Lesson 8: For Their Continued Growth: Page 1 of 2 (series: Lessons on 1 Thess.)
by John Lowe
Lesson 8: For Their Continued Growth (1Th 3:11-3:13)
Scripture: 1 Thessalonians 3:11-13 (NIV)
11Now may our God and Father himself and our Lord Jesus clear the way for us to come to you. 12May the Lord make your love increase and overflow for each other and for everyone else, just as ours does for you. 13May he strengthen your hearts so that you will be blameless and holy in the presence of our God and Father when our Lord Jesus comes with all his holy ones.
Scripture: 1 Thessalonians 3:11-13 (NIV)
11 Now may our11-1 God and Father himself and our11-1 Lord Jesus clear11-2 the way for us to come to you.
Up till then the way to Thessalonica had been impassable and firmly blocked. The brethren there were as eager to welcome Paul as he was to be present with them; but Satan had denied his access by interjecting many obstacles. Nevertheless, if God would give the signal all impediments from man or devils would vanish. The road would immediately become accessible and clear. What do you think the Apostle Paul did about this situation? He prayed to God to open a way for him to come to Thessalonica. It was to God that he turned for guidance in navigating the ordinary day to day problems of life. One of the greatest mistakes men make in life is to turn to God only in the overpowering emergencies and the shattering crisis.
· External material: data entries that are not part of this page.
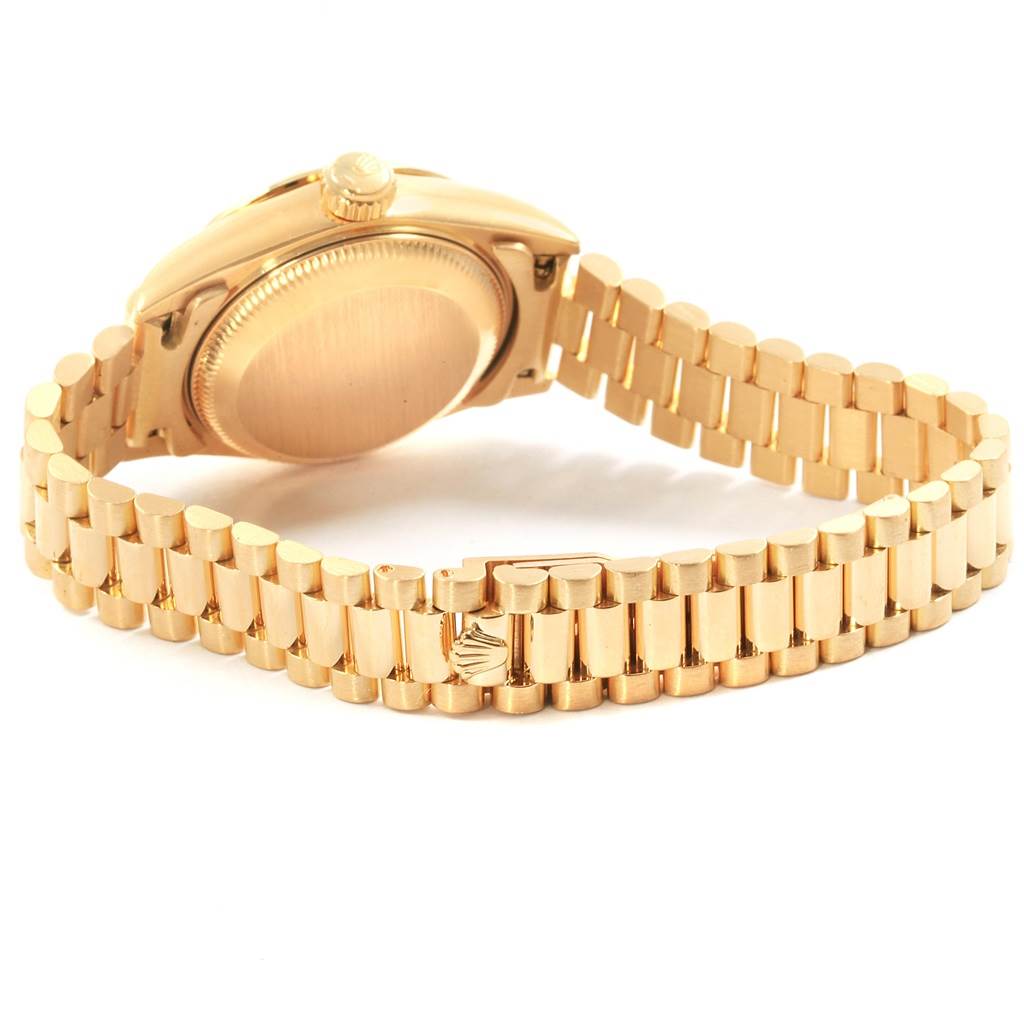 The image shows the back view of a Rolex President 69258 Women's Yellow Gold Champagne Dial 69258 Women's Yellow Gold Champagne Dial model watch, highlighting its gold case and bracelet.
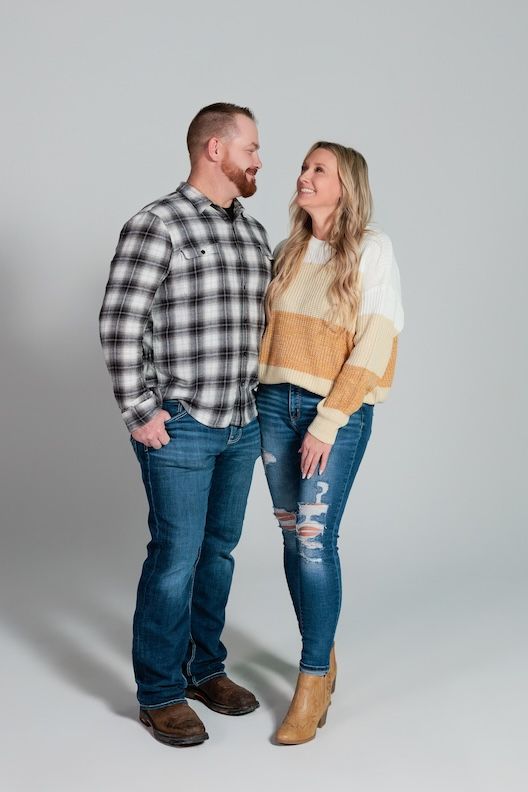 A couple in casual attire laughing together against a gray studio backdrop.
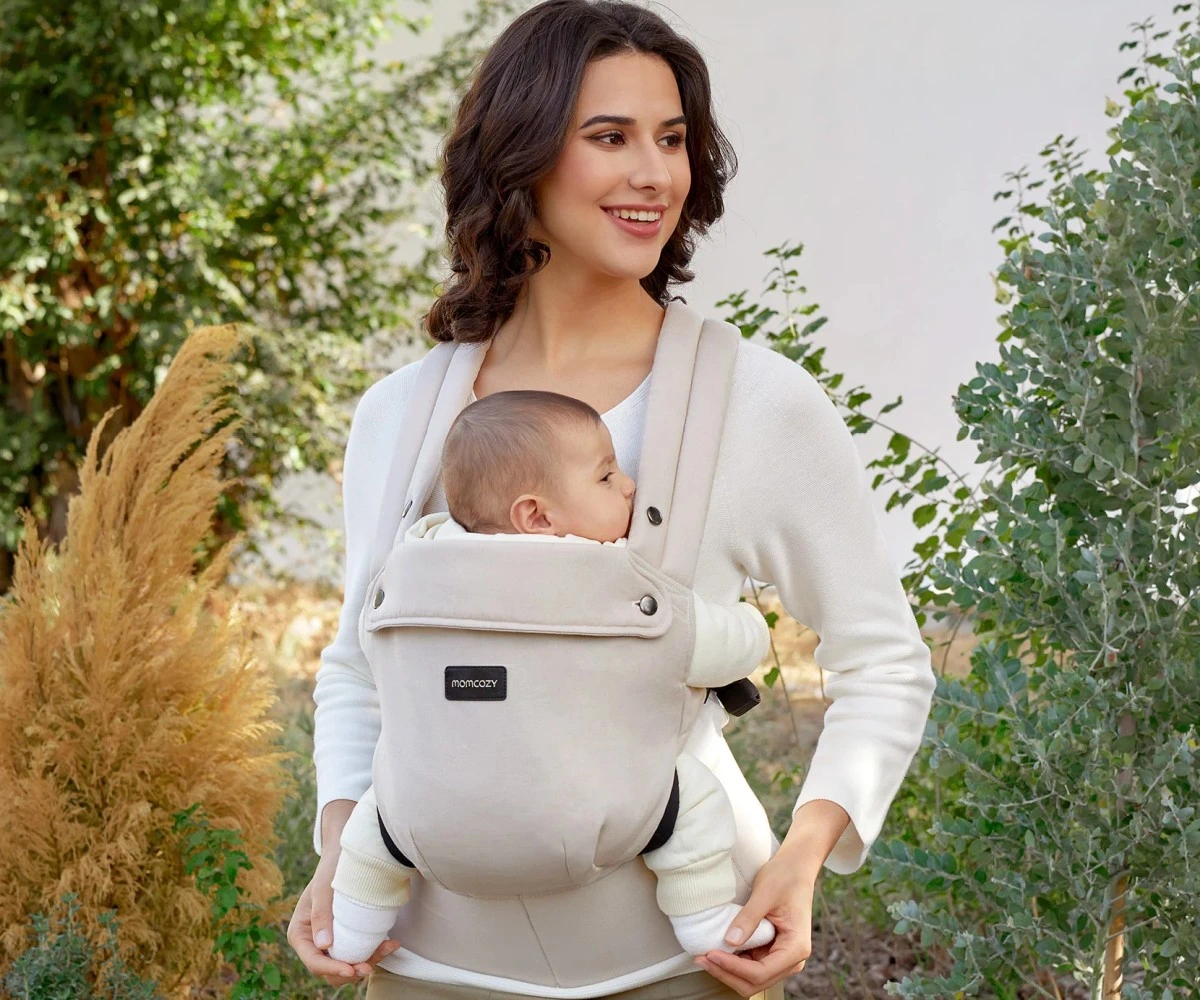 Mulher sorrindo, carregando um bebé num porta-bebés bege com arbustos verdes ao fundo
God should be recognized in even the simplest affairs of life―didn’t the Apostle Paul instruct believers to, “Pray about everything”? It was never God’s intention for man to direct his own steps; and only those journeys where God is the pilot are truly prosperous. There are crisis in life where everything depends on being guided in the right way—for instance, selecting a school or college, pursuing a religious life, starting a business, considering marriage, or changing residence. In these and all other matters acknowledge God, and He shall direct thy paths. But remember, our prayer for guidance must always be in submission to the divine will.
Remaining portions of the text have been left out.